About Anne Kathryn Rice

Photo by Mark Allen

Photo by Mark Allen

Ever since I was a young child I knew that I wanted to be a teacher. Not because I have some special knowledge that I want to impart, but because I am a good listener. Children talk and I listen, and somehow, learning happens. When children feel empowered, special, and capable, their innate knowledge pours forward. They learn as scientists learn, hypothesizing, trying, making mistakes, and trying again.

My teaching career has taken me from Memphis, Tennessee, USA (my home town), to Madrid, Spain, to Santo Domingo, Dominican Republic, to Boston, Massachusetts, USA, and finally, where I am now, Genoa, Italy. I worked at the International School in Genoa for many years. I speak English, Spanish, and Italian, and I considered myself a pretty smart person until I became a mother.

The year my daughter was born (2012) was the year that I slowly realized that I actually don't know that much about anything.

For me, motherhood felt like starting over again. I was new. I was a baby. I felt that I had so much to learn.
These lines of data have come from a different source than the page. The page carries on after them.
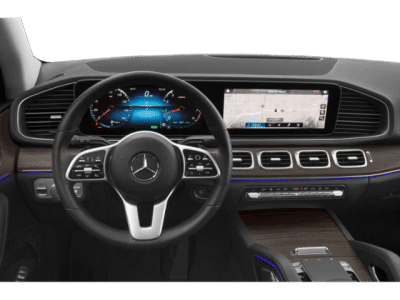 2022 Mercedes-Benz GLS — photo 7 view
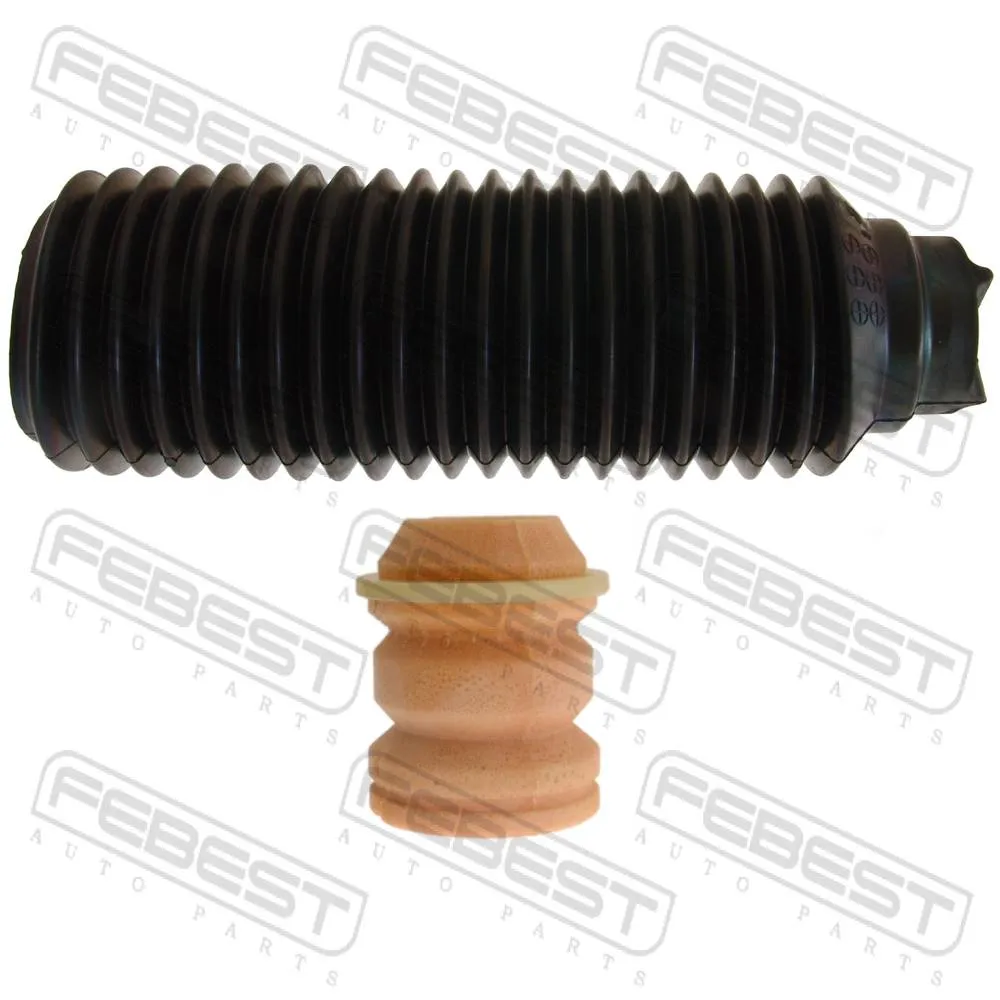 Пыльник переднего амортизатора NISSAN MURANO Z51 2007.10-2014.08 FEBEST NSHB-J32F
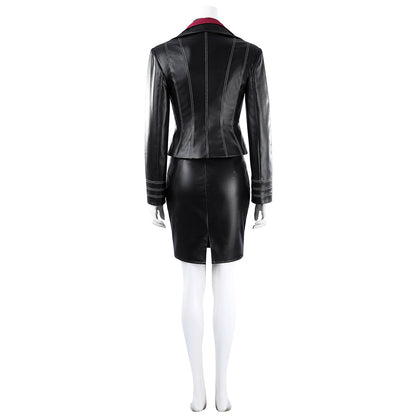 RE Damnation Ada Cosplay Costume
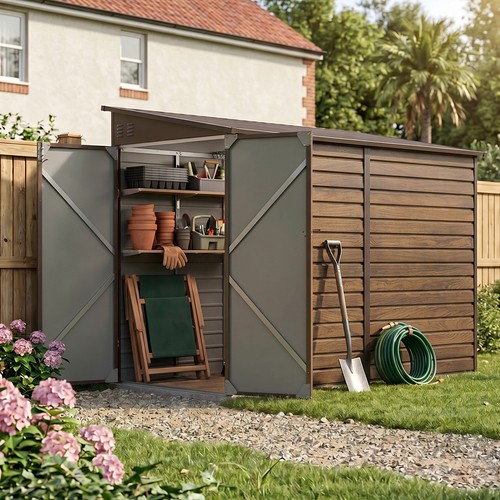Xlarge garden storage - xlarge,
Along with the feelings of bliss when I looked at my child came also uncertainty, doubt, and weird sort of loneliness. Trying to figure out my new role as mother in a foreign country on very little sleep was hard, to put it gently.

When my son was born 18 months later, I had a sort of awakening.
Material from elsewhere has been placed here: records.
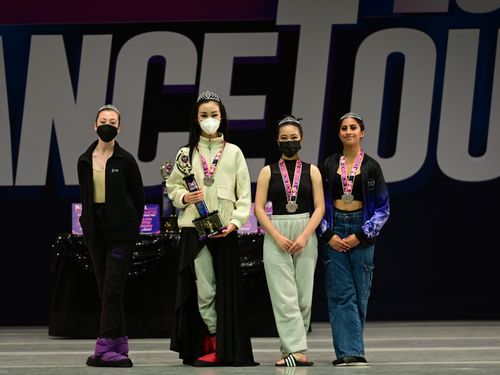 San Jose, CA - 5/19/2022 - Awards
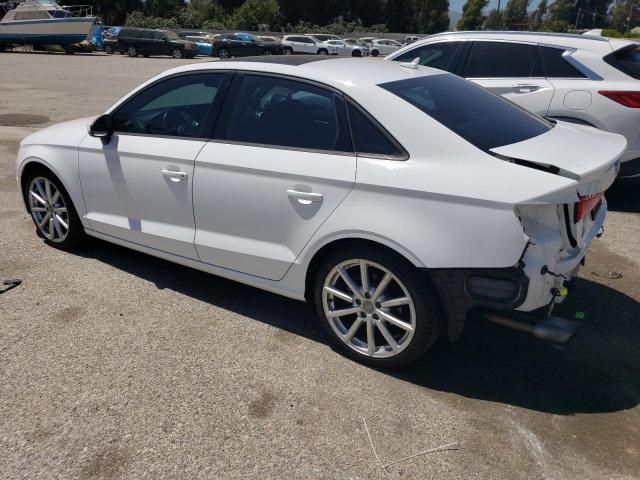 2016 Audi A3 Premium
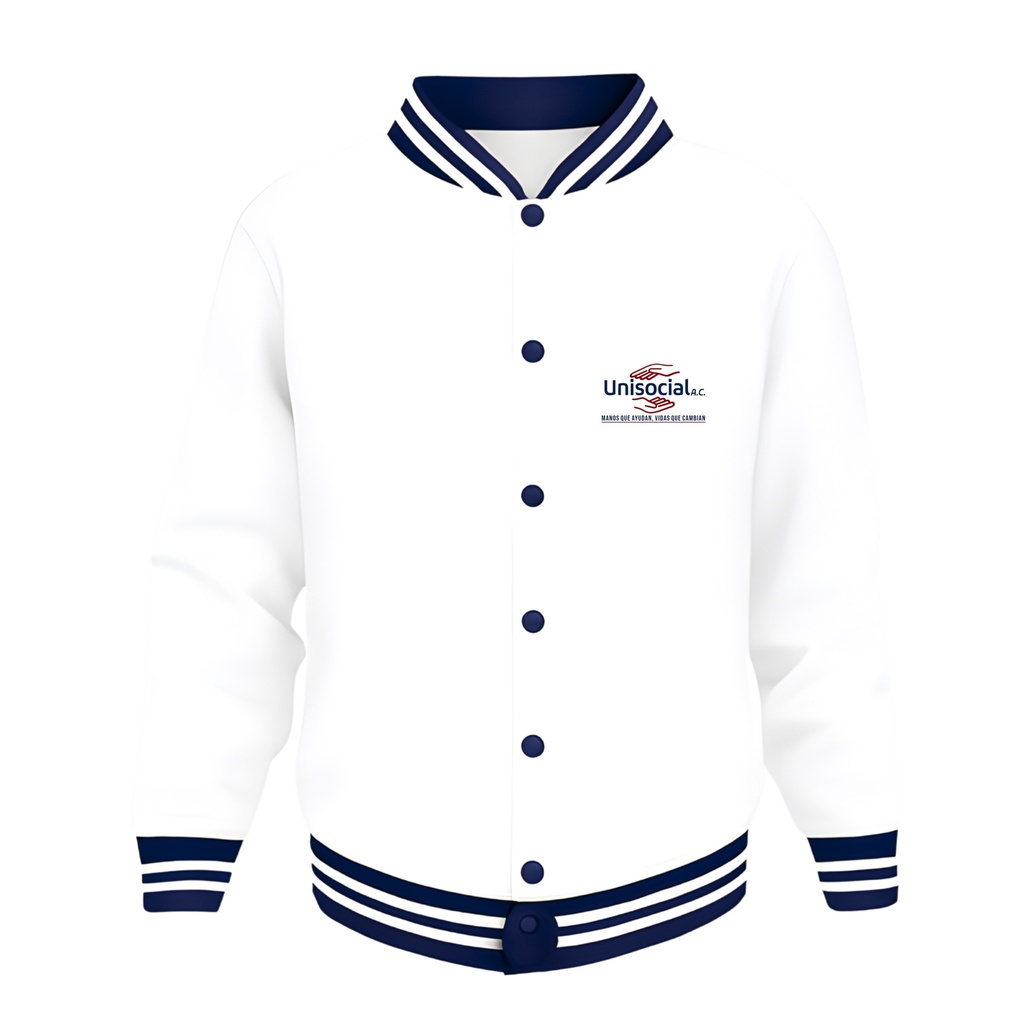 CHAMARRA UNIVERSITARIA UNISOCIAL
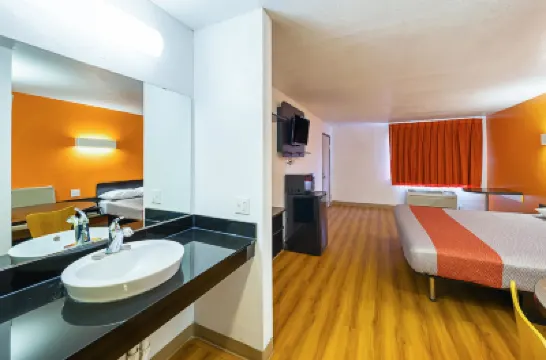 Motel 6 Amarillo, TX Hotels in Amarillo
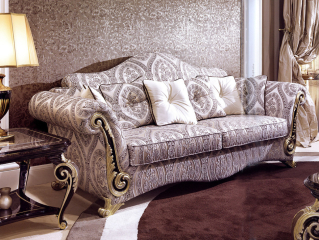 Диван Turri Baroque Tc407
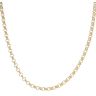 9ct Yellow Gold Belcher Chain 20"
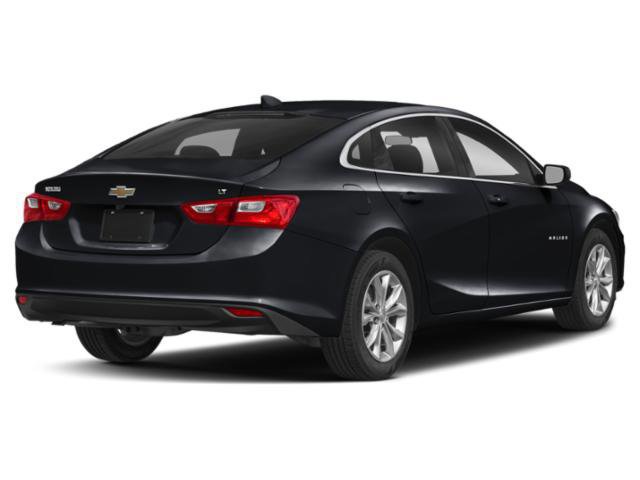 Used 2025 Chevrolet Malibu LT FWD image 2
Mothers are not meant to do this alone.

I decided that this was a message that the world should know. And that it would be my honor, my pleasure, and my passion to spread the message by simply being there for other mothers. Letting them know, one by one, that they don't have to be alone in this journey. Asking for help does not equate weakness. In fact, quite the contrary. Asking for help is what strong mothers do. 
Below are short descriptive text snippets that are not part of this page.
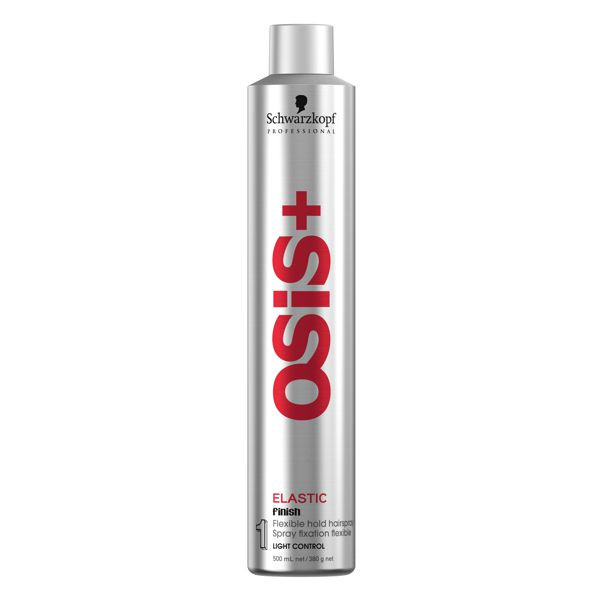 Schwarzkopf OSiS Elastic Finish Flexible Hold Hairspray Schwarzkopf OSiS Elastic Finish Flexible Hold Hairspray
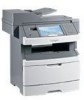 Troubleshooting, manuals and help for Lexmark 466de - X B/W Laser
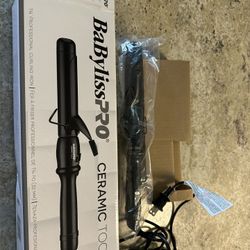 Babyliss Pro Curling Iron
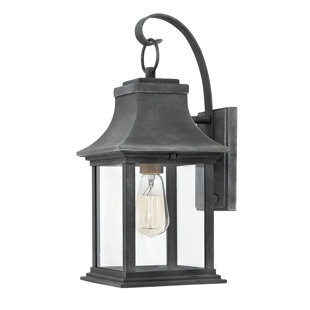 Best Adair 1-Light Outdoor Wall Lantern By Hinkley Lighting Outdoor Lighting Adair 1-Light Outdoor Wall Lantern By Hinkley Lighting Outdoor Lighting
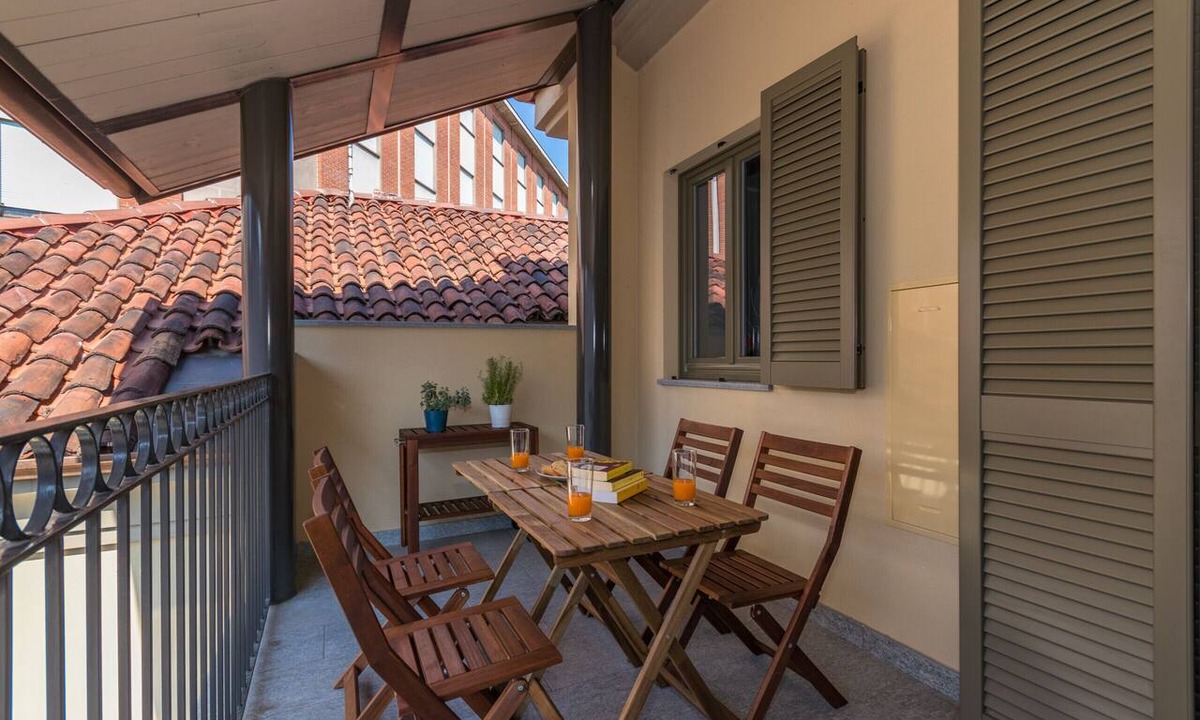 Borgo Dora Apartment | Il Terrazzo Segreto al Balon by Wonderful Italy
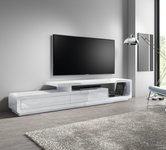 High Gloss TV Stands With Storage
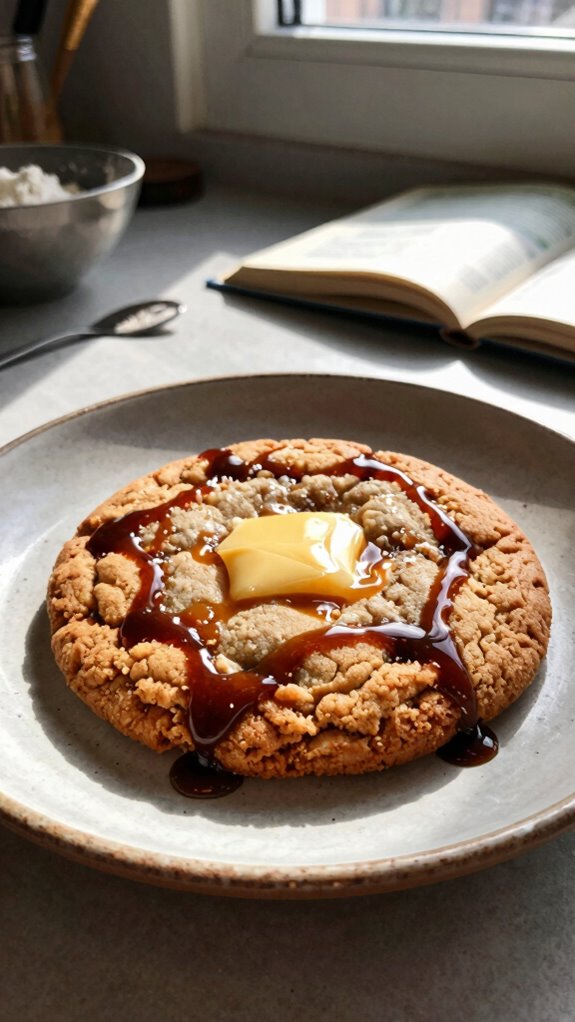 visually appealing cookie presentation
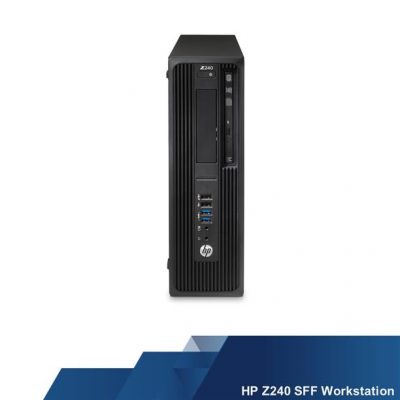 HP Z240 SFF I7-6700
So who is it that supports women in their parenting journey? Doulas. So I decided that I wanted to be one.

My doula training was nothing short of amazing. I learned to listen, to mirror, and to hold sacred space for mothers in pregnancy, birth and during the first postpartum years, all the while feeling this special support from a circle of compassionate women.

I know now that I have always been a doula. My work with children has always been this sort of job. Empowering them to listen to their inner voices, believe in their abilities, and recognize their own unique needs.

As a doula my hope is to inspire new mothers to do exactly this. Listen to their inner voices, believe in their abilities, and recognize their own unique needs in parenting. 

I have a bachelor's degree in Spanish literature from Rhodes College, and master's degree in Language and Literacy from the Harvard Graduate School of Education. I am a certified birth and postpartum doula through Mondo Doula. Originally from Memphis, Tennessee, USA, I now live in Genoa, Italy where I am a proud mother, wife, teacher, and doula.